Bordeaux, épicentre de la mobilisation des gilets jaunes 

Au fil des semaines, la ville de Bordeaux est devenue l'un des bastions des manifestations des gilets jaunes. Au moins deux rassemblements sont prévus dans le chef-lieu de Gironde pour ce 9e samedi de mobilisation.

La détermination des gilets jaunes bordelais ne faiblit pas. 4.600 personnes étaient dans les rues de Bordeaux samedi dernier selon le chiffre de la Préfecture, pour la 8e journée de mobilisation: les manifestants étaient alors plus nombreux à Bordeaux qu'à Paris, où 3.500 personnes ont été décomptées par la Préfecture également. Cinq membres des forces de l'ordre ont été blessés et onze personnes interpellées dans le chef-lieu de Gironde.

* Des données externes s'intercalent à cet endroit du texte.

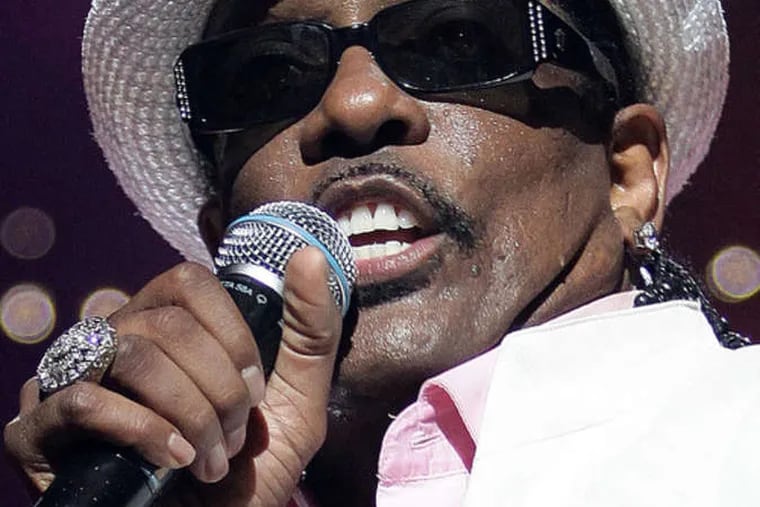 Charlie Wilson brings his tough romance to Boardwalk Hall on Saturday.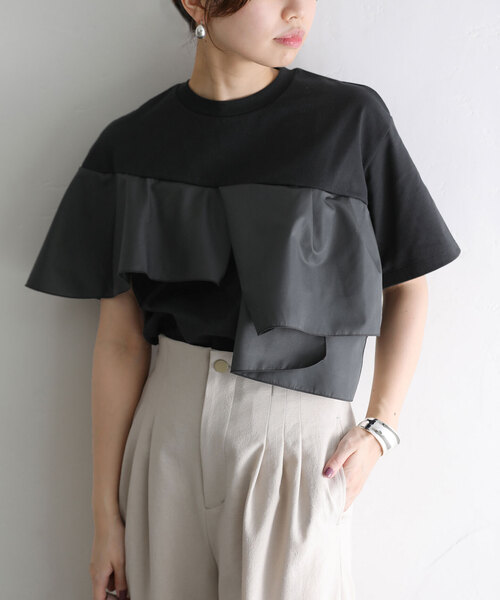 La TOTALITE(ラトータリテ)の「【MARECHAL TERRE/マルシャルテル】Ruffle Design T-shirt(Tシャツ/カットソー・レディース・ブラック/ホワイト/ライトグレー・FREE)」の3枚目の写真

À la veille du 9e samedi de mobilisation, les autorités redoutent que Bordeaux soit à nouveau l'épicentre des tensions. Un groupe Facebook dédié à la ville de Bordeaux appelle déjà au rassemblement place de la Bourse à 13 heures. La page précise qu'aucun parcours n'est pour l'heure défini "pour éviter de donner trop d'informations aux forces de l'ordre". Un autre rassemblement a été déclaré en préfecture par l’association "Les gilets jaunes la révolution du peuple français". Les syndicats et les partis politiques ont été invités à rejoindre le rassemblement prévu devant le commissariat de police, cours du Maréchal-Juin, selon le journal Sud-Ouest.

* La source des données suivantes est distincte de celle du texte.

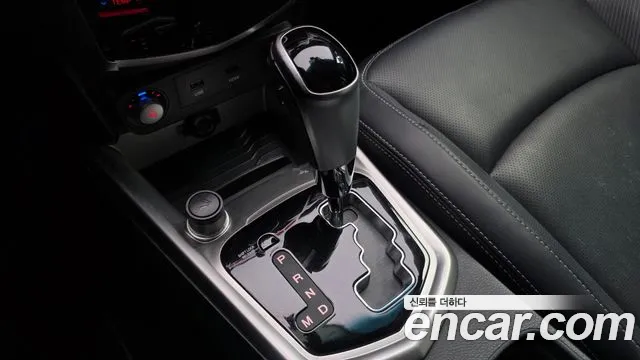 KGM Tivoli 2015 thumb 8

Les gilets jaunes contre le Bordeaux "bourgeois"

Le secrétaire d'Etat au ministère de l'Intérieur a assuré ce jeudi au maire Alain Juppé que le dispositif de sécurité serait renforcé samedi. "On aura un dispositif conséquent", a affirmé Laurent Nuñez, avant de lancer un appel aux casseurs, "qui trouveront en face d'eux des forces de l'ordre extrêmement déterminées". Pas moins de 9 unités mobiles seront déployées dans la ville, contre 6 les samedis précédents.

Bordeaux a vu ses prix immobiliers s'envoler ces dernières années, repoussant les classes moyennes dans les banlieues souvent mal desservies, générant un fort mécontentement populaire qui contribue à alimenter la colère des gilets jaunes. Soucieux de la colère qui monte dans sa ville, Alain Juppé avait annoncé mercredi qu'il installerait des cahiers de doléances dans toutes les mairies de quartier.

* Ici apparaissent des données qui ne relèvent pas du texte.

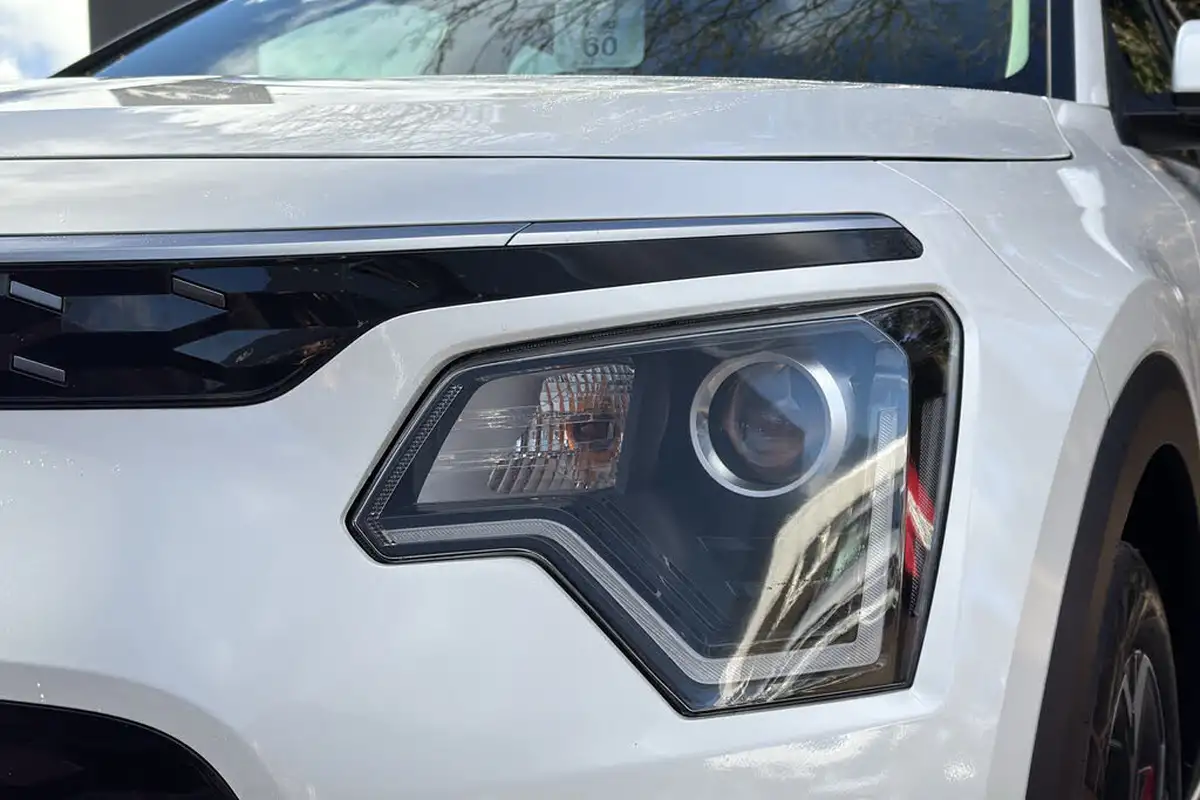 2024-kia-niro-ev-e-2-big-25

Un choix de lieu symbolique

"Le choix du lieu de rassemblement des gilets jaunes est symbolique", explique le sociologue Frédéric Neyrat qui y a scruté le mouvement pour une vaste étude nationale. "En général, les cortèges syndicaux partent de la place de la Victoire, ou de la place de la République. Les gilets jaunes, c'est de la place de la Bourse. C'est le Bordeaux bourgeois, le Bordeaux du Triangle d'Or, le symbole de la puissance et de la richesse commerciale", explique le chercheur.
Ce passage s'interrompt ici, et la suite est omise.